Majors, compagnies indépendantes et pétroliers nationaux (comme la Saoudienne Aramco) détiennent pourtant de formidables connaissances et de savoir-faire grâce auxquels la décarbonation de l’industrie pourrait être accélérée: captage-stockage de carbone, utilisation des énergies renouvelables dans la production, réduction des fuites de méthane[1], changement de combustible. Sans oublier la suppression des rejets directs de gaz naturel ou du torchage. Important si l’on garde en tête que 15% des émissions de gaz à effet de serre imputable à l’énergie sont le fait de la production de produits raffinés et de gaz naturel (scopes 1 et 2), soit 5,3 milliards de tonnes de GES par an.

l'électricité n'est pas suffisante

Bien sûr, reconnaissent les experts de l’agence basée à Paris, certaines compagnies comme Total, diversifient leurs activités, notamment en se développant dans la distribution d’électricité.
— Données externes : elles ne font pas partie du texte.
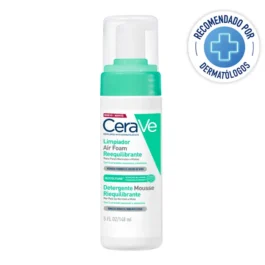 Cerave Limpiador Air Foam Reequilibrante x148ml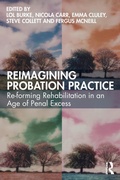 Bild: Reimagining Probation Practice - Routledge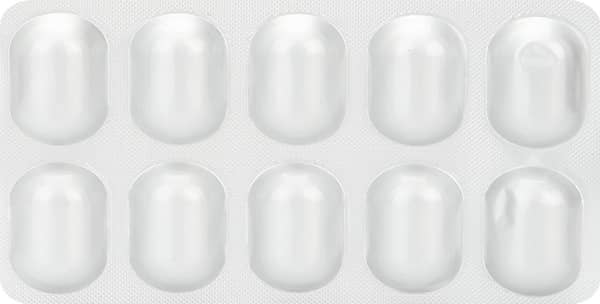 Sparvita Q10 Strip Of 10 Tablets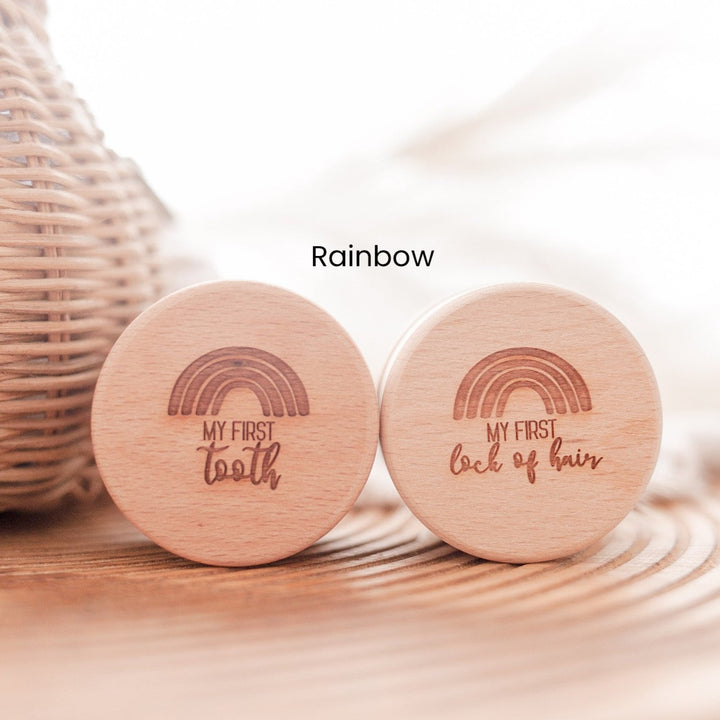 Wooden Trinket Box (non-custom)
Mais cela reste insuffisant, jugent les experts de l’AIE. Pendant de nombreuses années, rappellent-ils, les secteurs des transports consommeront encore des carburants liquides, même avec un développement rapide des véhicules électriques. D’où l’intérêt de développer carburants et combustibles bas carbone, issus de l’hydrogène, du biométhane ou des biocarburants avancés.

Un message qui peine encore à être entendu dans les conseils d’administration. Selon les projections de l’AIE, les compagnies pétrolières devraient voir leurs investissements pétroliers passer de 3.000 à près 5.000 milliards de dollars par an, entre 2018 et 2040. En 2040, le montant des investissements électriques des pétrolier devraient flirter avec les 4.500 Md$: deux fois plus qu’en 2018. Encourageant? Pas vraiment. Car, la réduction des émissions du secteur ne passe pas par une baisse de son intensité carbone, mais par une réduction de sa production d’huile, de gaz et, le cas échéant, de charbon.

stranded assets

Et laisser dans le sol ces hydrocarbures, diminuer l’activité des raffineries et des trains de liquéfaction réduira de facto la valeur des réserves et des installations détenues par les opérateurs. Sous la poussée de politiques publiques défavorables aux énergies fossiles (taxe carbone, par exemple), l’AIE n’estime pas déraisonnable de voir chuter de 6 millions de baril par jour (soit environ 6% par rapport au niveau actuel) le niveau de production de brut au milieu de la prochaine décennie. Pareille décrue pourrait faire chuter de 1.200 milliards de dollars la valeur des actifs pétroliers. De rentables, ces installations deviendraient des actifs pourris, stranded assets.

plafond carbone

Consommer les réserves prouvées d’énergies fossiles relâcherait plus de 3.000 milliards de tonnes de CO2: 5 fois le plafond qui nous est alloué pour stabiliser le réchauffement à 1,5°C. Si nous voulons atteindre cet objectif fixé par l’Accord de Paris, nous ne pouvons plus consommer que 40% des réserves pétrolières et gazières et 13% des gisements connus de charbon. Ce serrement de ceinture serait particulièrement préjudiciable aux compagnies pétrolières nationales, telles la vénézuélienne PDVSA, qui détiennent les réserves d’énergies fossiles les plus importantes et sont les plus dépendantes de leurs exportations d’énergies fossiles.

Mal engagée, la transition climatique du secteur pétrogazier n'est pas seulement vitale pour le climat, elle l'est aussi pour ses actionnaires et des contribuables de nombreux pays.




[1] Le méthane a un pouvoir de réchauffement global 28 fois plus puissant que celui du CO2.